[Material provided — start]
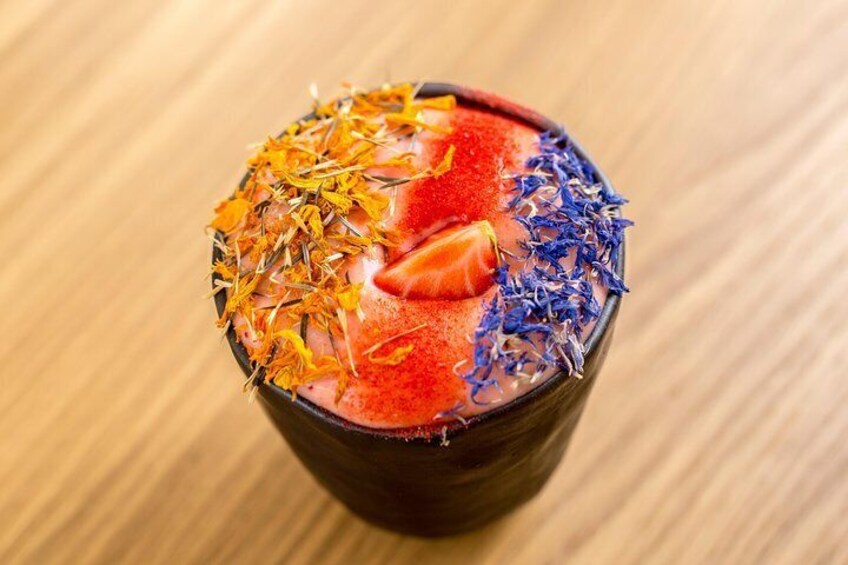 Savor 10 Course Dinner in Chef’s Kitchen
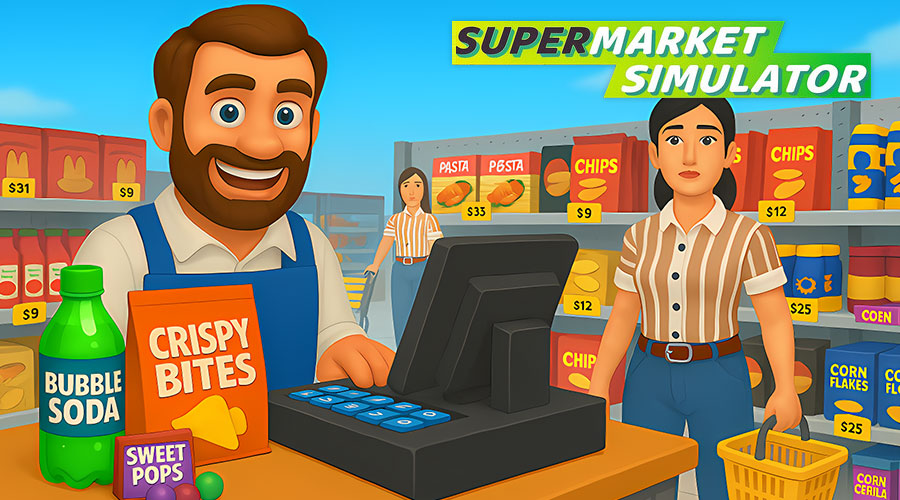 Supermarket Simulator
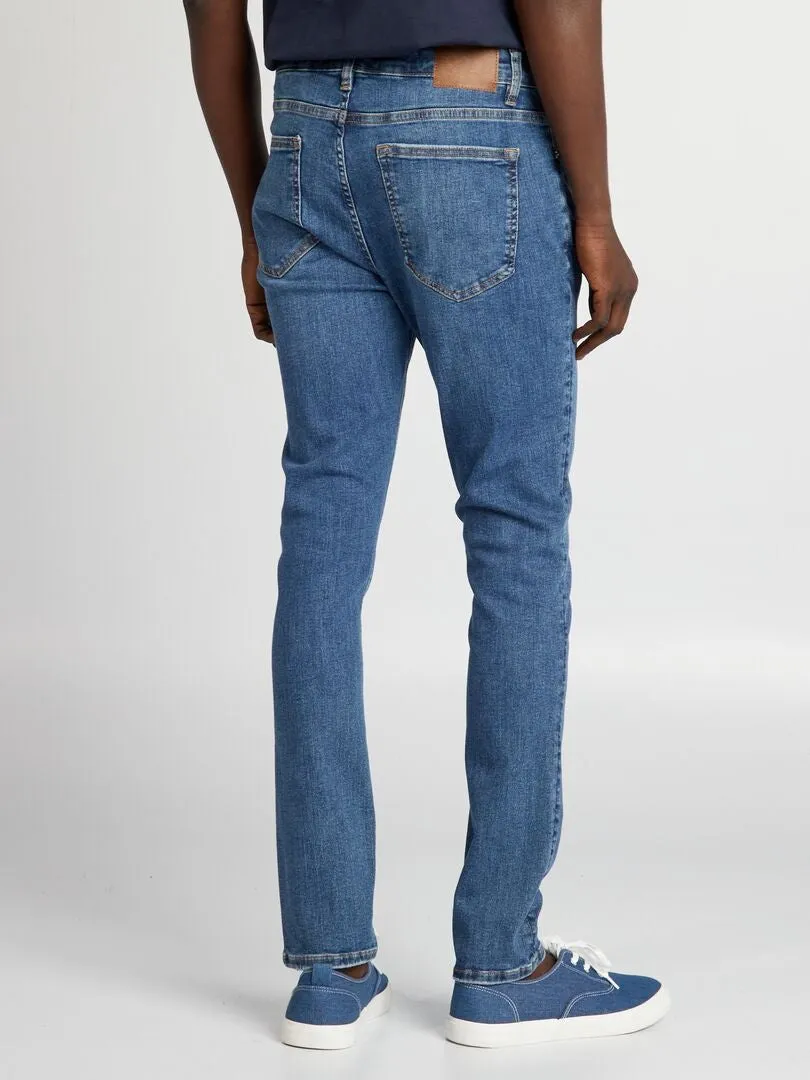 Vaquero skinny - L32 - AZUL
[Material provided — finish]
● Exercise
From the first line to the last, reproduce the listing above exactly, leaving the pictures out.

● Exercise answer
 Savor 10 Course Dinner in Chef’s Kitchen
 Supermarket Simulator
 Vaquero skinny - L32 - AZUL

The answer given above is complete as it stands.